Fico
pensando em quanto, desde muito tempo, sinto-me fora de lugar. Deslocada de
tudo. Sou tachada de chata, perguntadeira, questionadora e, mais modernamente,
problemática. Só porque, por alguma razão desconhecida até mesmo por mim, vou
sempre pelo caminho contrário. A maré em que me afundo é sempre a que vai
contra a corrente.
Meu
pai, coitado, foi certamente a minha primeira vítima. Esperava que eu viesse um
garoto para homenagear seu pai e fazer seu sobrenome ser levado a, pelo menos,
mais uma geração. Mas lá vim eu, com um vazio entre as pernas (e pior dentro da
alma). Certamente essa uma das maiores frustrações da vida dele. E não parou
por aí. Havia outras que o acompanhariam por toda a existência: minhas escolhas
todas (desde as amorosas até as religiosas) iriam seguir para sempre justamente
as trajetórias inversas àquelas defendidas por meu pai. Tudo isso muito duro e
difícil para nós dois! Mas um fato inegável. Um
tentando inconscientemente ferir o outro por aquilo que não veio...
Já
na escola, ingressei com um ano e meio, porque minha mãe já era da geração que
trabalhava intensamente, mas ainda levava o peso da culpa por não ser a mãe que
minha bisavó fora (até porque esse negócio de mulher trabalhar em minha família
já não é novidade desde a minha avó materna). Aí, para adentrar os portões
escolares era o caos porque eu fazia a maior confusão, chorava, corria atrás do
carro materno. Minha mãe conta que as professoras foram investigar a razão da
balburdia e tiveram de mudar toda sua metodologia.

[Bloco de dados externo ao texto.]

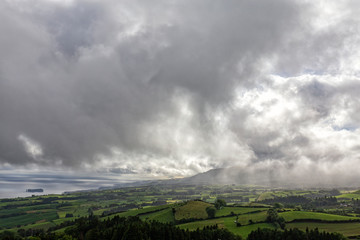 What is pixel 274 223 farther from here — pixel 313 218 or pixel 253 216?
pixel 313 218

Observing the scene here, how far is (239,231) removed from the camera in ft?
523

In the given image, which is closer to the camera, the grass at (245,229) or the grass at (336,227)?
the grass at (336,227)

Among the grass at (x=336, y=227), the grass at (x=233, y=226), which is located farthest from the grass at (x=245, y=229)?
the grass at (x=336, y=227)

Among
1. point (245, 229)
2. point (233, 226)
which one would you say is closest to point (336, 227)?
point (245, 229)

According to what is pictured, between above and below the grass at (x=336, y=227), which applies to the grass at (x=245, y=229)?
above

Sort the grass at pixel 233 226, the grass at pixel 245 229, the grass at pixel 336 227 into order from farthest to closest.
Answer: the grass at pixel 233 226 → the grass at pixel 245 229 → the grass at pixel 336 227

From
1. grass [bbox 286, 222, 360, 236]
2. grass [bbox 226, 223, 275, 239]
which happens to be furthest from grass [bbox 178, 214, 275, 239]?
grass [bbox 286, 222, 360, 236]

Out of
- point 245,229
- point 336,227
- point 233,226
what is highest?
point 245,229

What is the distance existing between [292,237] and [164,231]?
77.3 metres

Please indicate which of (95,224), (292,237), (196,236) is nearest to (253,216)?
(292,237)

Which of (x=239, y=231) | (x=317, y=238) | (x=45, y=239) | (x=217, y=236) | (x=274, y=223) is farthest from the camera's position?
(x=274, y=223)

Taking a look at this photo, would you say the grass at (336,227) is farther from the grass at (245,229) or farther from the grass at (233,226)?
the grass at (233,226)

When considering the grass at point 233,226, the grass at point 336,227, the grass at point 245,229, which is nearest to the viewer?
the grass at point 336,227

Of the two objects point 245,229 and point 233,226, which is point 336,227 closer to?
point 245,229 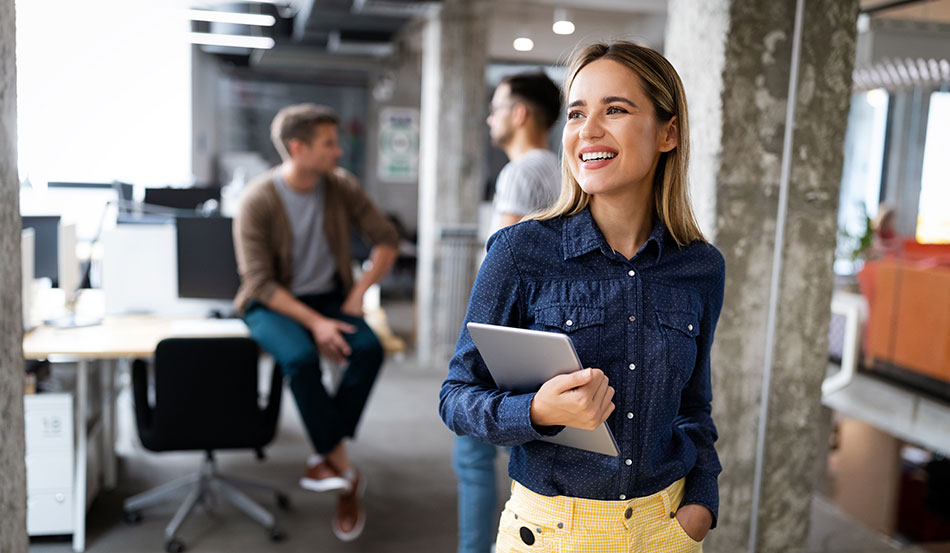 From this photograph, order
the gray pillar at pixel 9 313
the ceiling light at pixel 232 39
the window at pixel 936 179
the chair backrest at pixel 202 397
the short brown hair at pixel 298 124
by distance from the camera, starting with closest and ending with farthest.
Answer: the gray pillar at pixel 9 313 < the chair backrest at pixel 202 397 < the short brown hair at pixel 298 124 < the window at pixel 936 179 < the ceiling light at pixel 232 39

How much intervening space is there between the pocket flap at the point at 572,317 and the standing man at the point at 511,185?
1152 millimetres

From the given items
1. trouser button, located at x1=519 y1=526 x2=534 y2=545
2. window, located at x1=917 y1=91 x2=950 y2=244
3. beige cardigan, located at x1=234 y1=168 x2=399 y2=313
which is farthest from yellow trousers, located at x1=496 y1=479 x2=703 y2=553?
window, located at x1=917 y1=91 x2=950 y2=244

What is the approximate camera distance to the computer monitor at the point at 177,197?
6.09 meters

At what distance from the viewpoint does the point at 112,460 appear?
3900mm

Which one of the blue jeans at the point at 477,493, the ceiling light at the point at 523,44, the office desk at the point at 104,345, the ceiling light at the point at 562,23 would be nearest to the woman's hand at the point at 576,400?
the blue jeans at the point at 477,493

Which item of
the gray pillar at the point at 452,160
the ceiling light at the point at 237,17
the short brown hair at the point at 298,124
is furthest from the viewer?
the ceiling light at the point at 237,17

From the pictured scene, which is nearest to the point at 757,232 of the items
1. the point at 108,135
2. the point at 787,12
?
the point at 787,12

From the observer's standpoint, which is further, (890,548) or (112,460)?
(112,460)

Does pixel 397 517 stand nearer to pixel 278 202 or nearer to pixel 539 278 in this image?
pixel 278 202

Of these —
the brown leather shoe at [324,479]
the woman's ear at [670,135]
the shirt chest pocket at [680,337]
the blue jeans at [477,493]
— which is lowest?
the brown leather shoe at [324,479]

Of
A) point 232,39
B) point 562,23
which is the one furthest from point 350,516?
point 232,39

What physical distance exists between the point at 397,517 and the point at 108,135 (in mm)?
7274

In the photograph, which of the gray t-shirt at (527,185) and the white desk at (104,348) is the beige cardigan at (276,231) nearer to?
the white desk at (104,348)

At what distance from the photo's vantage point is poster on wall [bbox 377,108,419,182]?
1219 cm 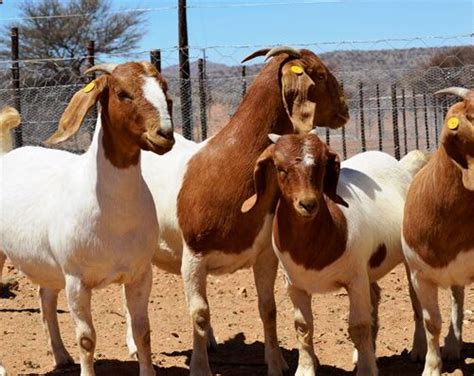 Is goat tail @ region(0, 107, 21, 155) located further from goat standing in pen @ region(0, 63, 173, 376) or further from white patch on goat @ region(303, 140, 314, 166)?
white patch on goat @ region(303, 140, 314, 166)

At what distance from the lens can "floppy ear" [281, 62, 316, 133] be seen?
7262 millimetres

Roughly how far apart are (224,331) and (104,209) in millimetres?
3214

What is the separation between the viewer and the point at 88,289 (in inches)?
261

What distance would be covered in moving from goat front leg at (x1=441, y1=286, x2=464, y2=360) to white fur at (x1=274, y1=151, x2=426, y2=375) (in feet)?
1.98

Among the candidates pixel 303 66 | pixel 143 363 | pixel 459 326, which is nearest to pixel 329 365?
pixel 459 326

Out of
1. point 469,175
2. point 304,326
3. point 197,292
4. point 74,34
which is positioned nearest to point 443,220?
point 469,175

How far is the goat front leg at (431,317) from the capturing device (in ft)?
23.2

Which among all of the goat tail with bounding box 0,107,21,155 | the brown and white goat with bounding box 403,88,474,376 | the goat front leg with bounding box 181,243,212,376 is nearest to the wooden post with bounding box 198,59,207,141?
the goat tail with bounding box 0,107,21,155

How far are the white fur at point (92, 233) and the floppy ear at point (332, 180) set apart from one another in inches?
44.3

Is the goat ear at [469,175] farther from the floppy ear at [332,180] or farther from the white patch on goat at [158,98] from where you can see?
the white patch on goat at [158,98]

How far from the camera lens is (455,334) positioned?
8.09 metres

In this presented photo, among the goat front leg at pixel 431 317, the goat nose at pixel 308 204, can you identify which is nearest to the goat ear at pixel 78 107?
the goat nose at pixel 308 204

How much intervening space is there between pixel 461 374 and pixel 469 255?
3.31 feet

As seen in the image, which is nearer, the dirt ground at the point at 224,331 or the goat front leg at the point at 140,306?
the goat front leg at the point at 140,306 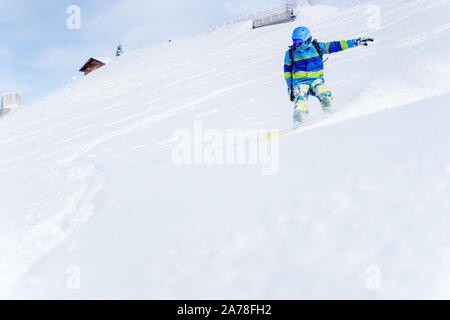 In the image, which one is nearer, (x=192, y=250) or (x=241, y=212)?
(x=192, y=250)

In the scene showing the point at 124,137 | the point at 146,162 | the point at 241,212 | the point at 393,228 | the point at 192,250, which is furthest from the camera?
the point at 124,137

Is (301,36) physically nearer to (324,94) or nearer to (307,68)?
(307,68)

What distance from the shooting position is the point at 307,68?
15.6 feet

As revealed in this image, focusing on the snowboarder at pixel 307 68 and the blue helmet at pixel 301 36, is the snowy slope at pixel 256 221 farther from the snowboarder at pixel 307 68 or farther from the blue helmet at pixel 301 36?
the blue helmet at pixel 301 36

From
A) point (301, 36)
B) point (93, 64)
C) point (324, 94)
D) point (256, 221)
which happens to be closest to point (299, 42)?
point (301, 36)

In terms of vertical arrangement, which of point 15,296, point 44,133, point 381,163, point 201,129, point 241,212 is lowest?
point 15,296

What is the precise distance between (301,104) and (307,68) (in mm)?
537

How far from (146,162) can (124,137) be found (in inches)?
115

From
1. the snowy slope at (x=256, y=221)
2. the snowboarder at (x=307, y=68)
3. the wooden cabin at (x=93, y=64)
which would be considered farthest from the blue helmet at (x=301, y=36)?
the wooden cabin at (x=93, y=64)

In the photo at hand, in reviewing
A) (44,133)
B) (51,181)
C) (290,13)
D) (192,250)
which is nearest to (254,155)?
(192,250)

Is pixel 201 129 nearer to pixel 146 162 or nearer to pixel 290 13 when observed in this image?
pixel 146 162

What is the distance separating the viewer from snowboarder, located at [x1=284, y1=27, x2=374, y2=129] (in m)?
4.65

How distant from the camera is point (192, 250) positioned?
6.37ft

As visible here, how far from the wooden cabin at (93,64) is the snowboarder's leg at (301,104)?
32.4 meters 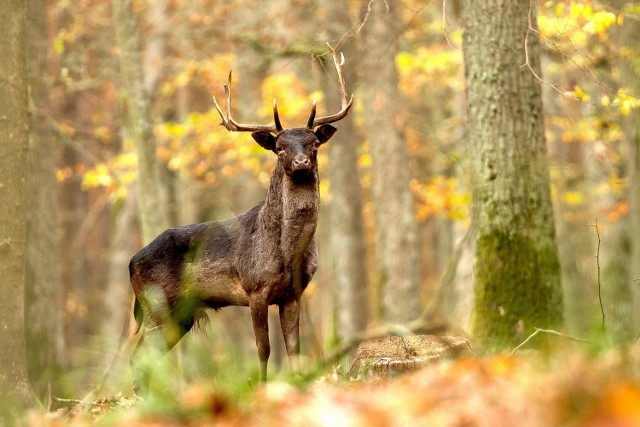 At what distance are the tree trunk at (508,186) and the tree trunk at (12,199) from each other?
3.78 meters

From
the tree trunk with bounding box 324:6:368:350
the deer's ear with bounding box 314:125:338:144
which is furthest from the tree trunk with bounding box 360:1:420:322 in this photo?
the deer's ear with bounding box 314:125:338:144

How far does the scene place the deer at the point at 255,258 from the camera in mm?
7965

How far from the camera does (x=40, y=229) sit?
12.7 meters

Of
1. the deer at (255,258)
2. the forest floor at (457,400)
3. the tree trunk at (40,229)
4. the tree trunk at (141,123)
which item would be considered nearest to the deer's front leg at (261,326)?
the deer at (255,258)

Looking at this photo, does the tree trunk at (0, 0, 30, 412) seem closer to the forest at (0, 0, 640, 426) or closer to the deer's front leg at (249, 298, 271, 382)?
the forest at (0, 0, 640, 426)

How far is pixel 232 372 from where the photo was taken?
5641 mm

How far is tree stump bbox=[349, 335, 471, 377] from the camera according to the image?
6227mm

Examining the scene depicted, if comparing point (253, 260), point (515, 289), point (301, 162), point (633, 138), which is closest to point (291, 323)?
point (253, 260)

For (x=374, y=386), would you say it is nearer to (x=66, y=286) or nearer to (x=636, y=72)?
(x=636, y=72)

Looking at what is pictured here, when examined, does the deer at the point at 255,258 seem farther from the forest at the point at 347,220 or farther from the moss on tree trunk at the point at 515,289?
the moss on tree trunk at the point at 515,289

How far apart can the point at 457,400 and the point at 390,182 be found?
454 inches

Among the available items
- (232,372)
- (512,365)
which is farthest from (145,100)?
(512,365)

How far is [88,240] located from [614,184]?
19.7 m

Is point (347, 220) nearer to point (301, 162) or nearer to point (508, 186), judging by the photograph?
point (508, 186) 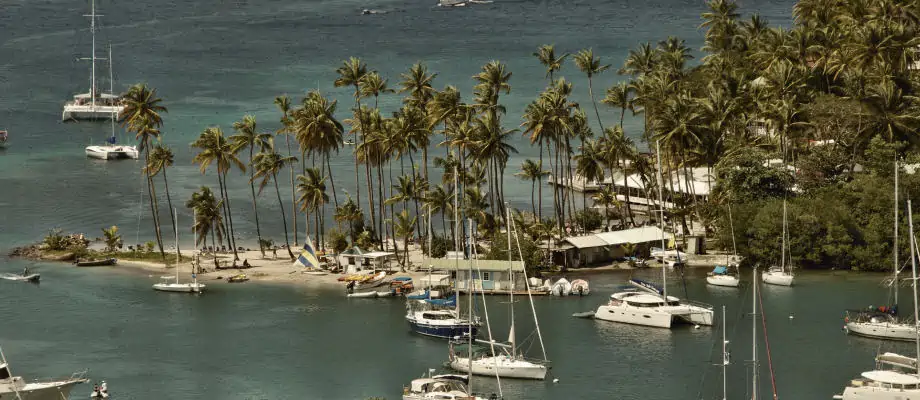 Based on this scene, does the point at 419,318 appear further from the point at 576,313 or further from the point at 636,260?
the point at 636,260

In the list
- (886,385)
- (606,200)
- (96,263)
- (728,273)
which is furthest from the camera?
(606,200)

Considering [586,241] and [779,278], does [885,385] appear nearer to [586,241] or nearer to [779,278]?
[779,278]

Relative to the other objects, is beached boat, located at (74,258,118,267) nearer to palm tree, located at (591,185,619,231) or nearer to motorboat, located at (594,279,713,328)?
palm tree, located at (591,185,619,231)

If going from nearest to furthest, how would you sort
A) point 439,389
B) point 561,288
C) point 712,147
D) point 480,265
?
point 439,389 → point 561,288 → point 480,265 → point 712,147

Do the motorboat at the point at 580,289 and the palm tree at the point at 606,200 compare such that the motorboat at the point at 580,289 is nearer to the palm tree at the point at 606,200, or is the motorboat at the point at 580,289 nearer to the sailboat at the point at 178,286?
the palm tree at the point at 606,200

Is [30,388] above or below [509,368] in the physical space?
above

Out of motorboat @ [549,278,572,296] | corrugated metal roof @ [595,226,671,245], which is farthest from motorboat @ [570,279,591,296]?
corrugated metal roof @ [595,226,671,245]

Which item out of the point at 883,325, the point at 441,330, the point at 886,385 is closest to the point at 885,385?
the point at 886,385

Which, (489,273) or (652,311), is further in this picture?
(489,273)
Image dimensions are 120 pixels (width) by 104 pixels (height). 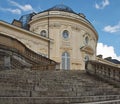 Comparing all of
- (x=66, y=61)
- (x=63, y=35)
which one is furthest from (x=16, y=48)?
(x=63, y=35)

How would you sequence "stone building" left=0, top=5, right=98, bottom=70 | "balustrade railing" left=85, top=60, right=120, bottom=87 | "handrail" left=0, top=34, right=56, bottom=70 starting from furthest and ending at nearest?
"stone building" left=0, top=5, right=98, bottom=70 < "handrail" left=0, top=34, right=56, bottom=70 < "balustrade railing" left=85, top=60, right=120, bottom=87

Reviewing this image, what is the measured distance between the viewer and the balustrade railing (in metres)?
13.1

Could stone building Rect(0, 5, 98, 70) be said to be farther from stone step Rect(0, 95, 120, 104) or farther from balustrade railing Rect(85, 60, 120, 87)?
stone step Rect(0, 95, 120, 104)

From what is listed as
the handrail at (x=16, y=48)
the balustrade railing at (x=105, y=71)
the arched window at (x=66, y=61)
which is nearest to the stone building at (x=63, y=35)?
the arched window at (x=66, y=61)

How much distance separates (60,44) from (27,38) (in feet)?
19.9

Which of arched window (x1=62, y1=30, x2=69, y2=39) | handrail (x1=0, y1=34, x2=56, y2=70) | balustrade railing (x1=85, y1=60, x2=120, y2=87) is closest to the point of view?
balustrade railing (x1=85, y1=60, x2=120, y2=87)

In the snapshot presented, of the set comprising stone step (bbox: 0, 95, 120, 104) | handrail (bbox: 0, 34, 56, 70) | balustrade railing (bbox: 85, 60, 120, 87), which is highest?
handrail (bbox: 0, 34, 56, 70)

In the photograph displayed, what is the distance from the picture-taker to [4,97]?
6.66 metres

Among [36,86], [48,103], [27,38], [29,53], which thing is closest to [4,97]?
[48,103]

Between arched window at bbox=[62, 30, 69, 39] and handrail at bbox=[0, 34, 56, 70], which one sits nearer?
handrail at bbox=[0, 34, 56, 70]

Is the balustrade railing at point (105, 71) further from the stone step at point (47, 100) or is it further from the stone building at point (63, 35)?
the stone building at point (63, 35)

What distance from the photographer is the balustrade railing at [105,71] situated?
13109 millimetres

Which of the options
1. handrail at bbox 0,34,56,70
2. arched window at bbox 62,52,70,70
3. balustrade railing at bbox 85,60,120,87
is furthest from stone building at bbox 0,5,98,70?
balustrade railing at bbox 85,60,120,87

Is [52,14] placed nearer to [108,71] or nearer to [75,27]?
[75,27] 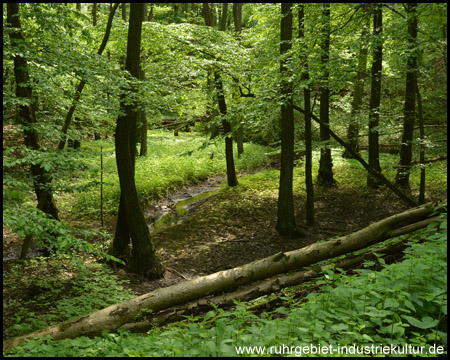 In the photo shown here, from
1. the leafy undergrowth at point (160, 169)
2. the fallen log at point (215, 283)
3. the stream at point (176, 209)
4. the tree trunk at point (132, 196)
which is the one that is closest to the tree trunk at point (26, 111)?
the leafy undergrowth at point (160, 169)

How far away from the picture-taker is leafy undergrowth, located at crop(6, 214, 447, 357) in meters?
3.04

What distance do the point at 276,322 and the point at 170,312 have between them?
7.61ft

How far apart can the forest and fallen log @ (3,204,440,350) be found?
1.0 inches

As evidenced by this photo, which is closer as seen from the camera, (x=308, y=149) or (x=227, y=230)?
(x=308, y=149)

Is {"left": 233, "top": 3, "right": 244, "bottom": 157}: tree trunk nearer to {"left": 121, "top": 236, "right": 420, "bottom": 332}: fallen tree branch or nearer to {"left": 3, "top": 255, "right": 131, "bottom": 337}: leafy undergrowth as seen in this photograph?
{"left": 3, "top": 255, "right": 131, "bottom": 337}: leafy undergrowth

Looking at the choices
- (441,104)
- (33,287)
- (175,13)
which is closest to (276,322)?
(33,287)

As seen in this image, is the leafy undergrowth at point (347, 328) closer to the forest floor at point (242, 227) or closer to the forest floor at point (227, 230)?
the forest floor at point (227, 230)

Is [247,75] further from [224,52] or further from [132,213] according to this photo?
[132,213]

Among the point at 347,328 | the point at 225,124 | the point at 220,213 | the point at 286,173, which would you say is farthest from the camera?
the point at 225,124

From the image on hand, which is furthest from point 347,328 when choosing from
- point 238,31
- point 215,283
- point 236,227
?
point 238,31

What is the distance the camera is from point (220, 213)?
12.8 meters

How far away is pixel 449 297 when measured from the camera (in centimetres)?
325

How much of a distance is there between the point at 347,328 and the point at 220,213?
31.6ft

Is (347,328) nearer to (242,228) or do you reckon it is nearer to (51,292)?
(51,292) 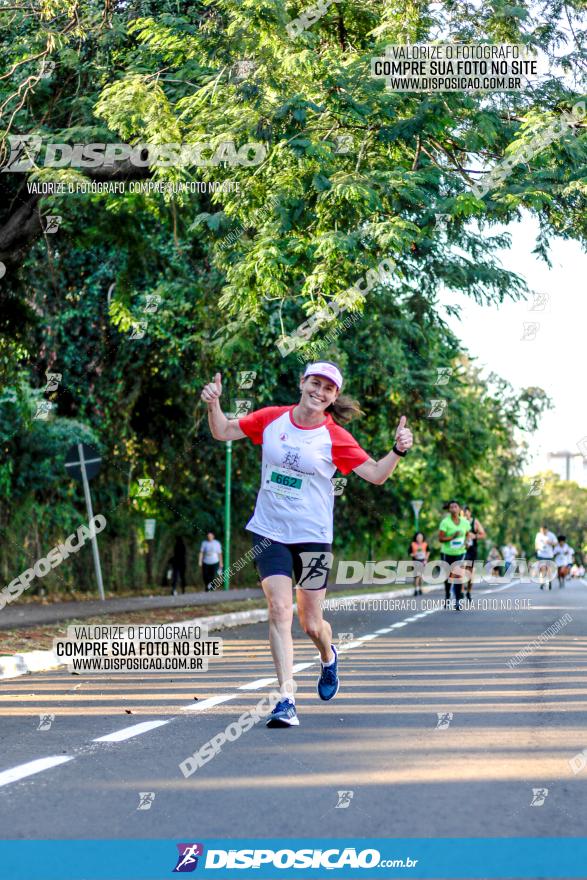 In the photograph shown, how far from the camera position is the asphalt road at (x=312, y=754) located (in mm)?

O motivo era um só: eu, ao
chegar à escola, queria contar tudo o que meu avô havia proporcionado de
aventura para mim no fim de semana e a escola não me dava espaço. Por isso,
botava a boca no mundo, desde muito cedo a reivindicar direitos que nem sei se
me cabiam. Minha mãe conta isso toda orgulhosa, dizendo que a escola passou
toda segunda-feira a começar sua rotina com uma rodinha de conversa em que as
crianças falavam.
Sei
lá se é verdade verdadeira. Mas o fato é que a inconformação está dentro de mim
desde sempre e também bem cedo aprendi - chorando, gritando ou falando - a
expressar essa inquietação e dúvida que tenho diante das coisas que vejo. Eu não
me orgulho disso. Primeiro porque incomoda muita gente, segundo, porque
fatalmente essa muita gente faz um esforço danado para me fazer ver as coisas
como elas acham que deveria ser. Parece inevitável. Acontece sempre. Vou a um
filme com amigos e todos gostam. Menos eu!
Tenho
alguns apelidos em minha família (uns publicáveis e outros não) para definir
meu lugar como a famosa do contra. Na minha casa, me consideram xiita em
relação às questões étnicas e de classe. Acham que sou radical, tenho
preconceito às avessas; gosto do que consideram as minorias, as defendo ferrenhamente
e marginalizo tudo que é designado por eles como centro. Já em outros espaços
me consideram burguesa, condescendente, conciliadora. Exigem de mim uma tomada
mais radical de posição. E lá vou eu, me sentindo ao longo da minha vida no nem
lá nem no cá.
E
exemplos abundam em minhas vivências. Sempre gostei de dançar. Na minha
infância, por total falta de opção, fiz ballet por alguns anos. Assim, apesar
de sempre gordinha e grandona, era a bailarina da casa. Nas aulas, a professora reclamava. Dizia que
eu não era nem delicada nem leve. Coisa que considero óbvia hoje em dia. O que
me forçava a me encaixar num modelo do qual eu não pertencia. Era como colocar
uma bola numa forma quadrada. Óbvio que não deu certo... O tempo passou, eu
cresci, passei a questionar os paradigmas e lá veio a dança afro entrar na
minha vida. Me encontrei completamente. Sou defensora apaixonada desta
modalidade ainda tão marginal da dança, entretanto, meu primeiro professor
dizia: “Querida, dança afro tem que ter força e você é muito leve e delicada.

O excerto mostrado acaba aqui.